Return the data below unchanged, without images.

Records from a collection:

_ _ _ _ _

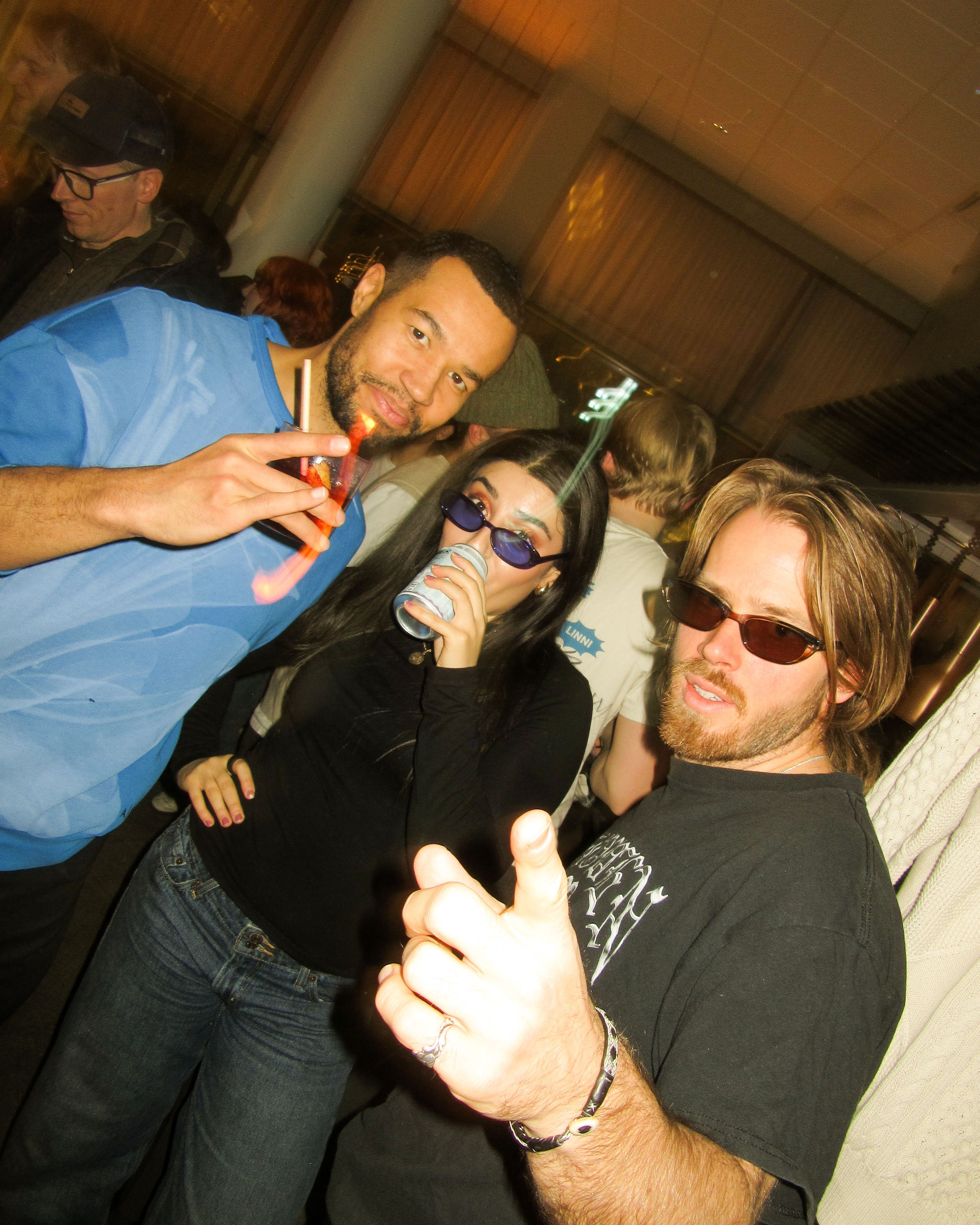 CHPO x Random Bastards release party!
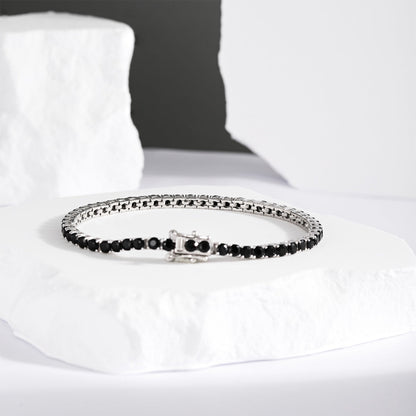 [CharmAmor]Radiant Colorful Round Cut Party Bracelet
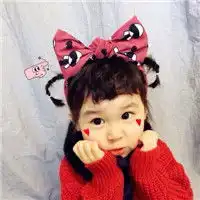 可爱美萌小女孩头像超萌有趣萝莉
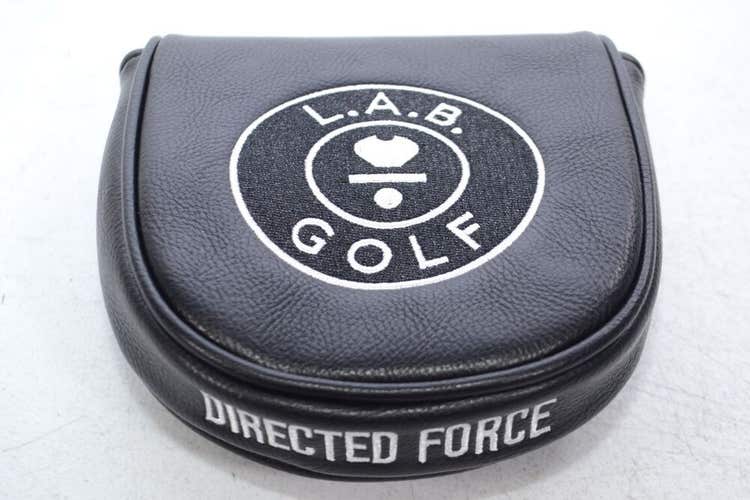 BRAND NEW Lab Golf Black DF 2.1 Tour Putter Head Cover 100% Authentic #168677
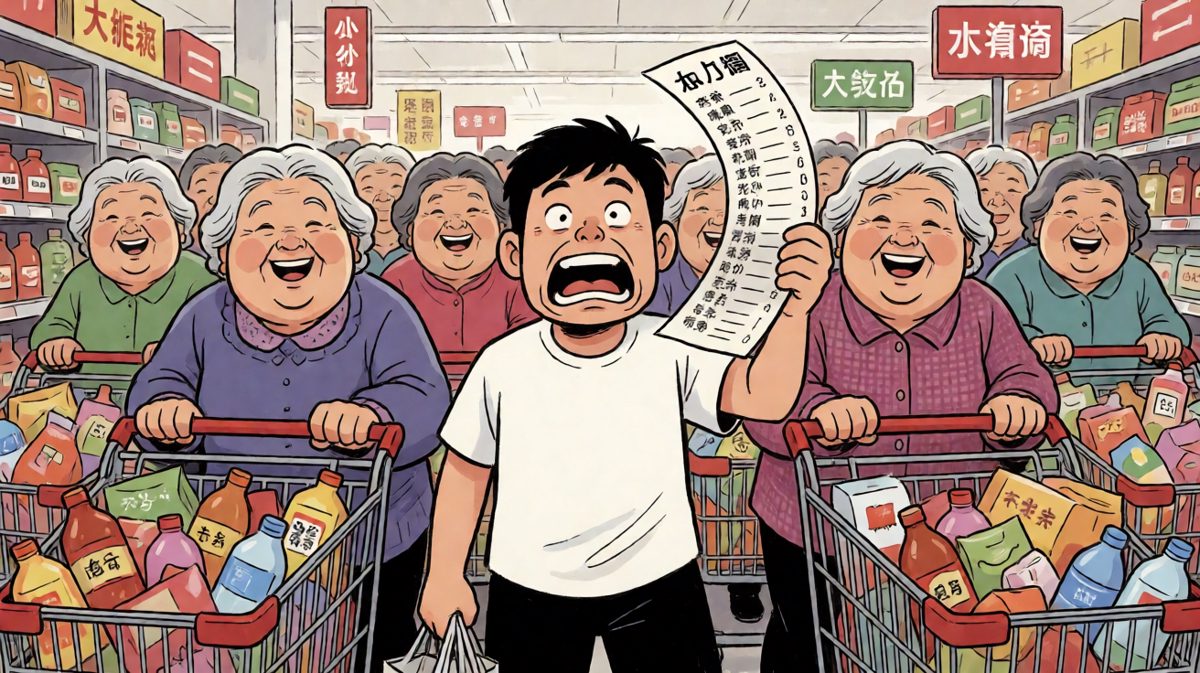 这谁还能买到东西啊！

_ _ _ _ _

OUTPUT OF THE EXERCISE →
 CHPO x Random Bastards release party!
 [CharmAmor]Radiant Colorful Round Cut Party Bracelet
 可爱美萌小女孩头像超萌有趣萝莉
 BRAND NEW Lab Golf Black DF 2.1 Tour Putter Head Cover 100% Authentic #168677
 这谁还能买到东西啊！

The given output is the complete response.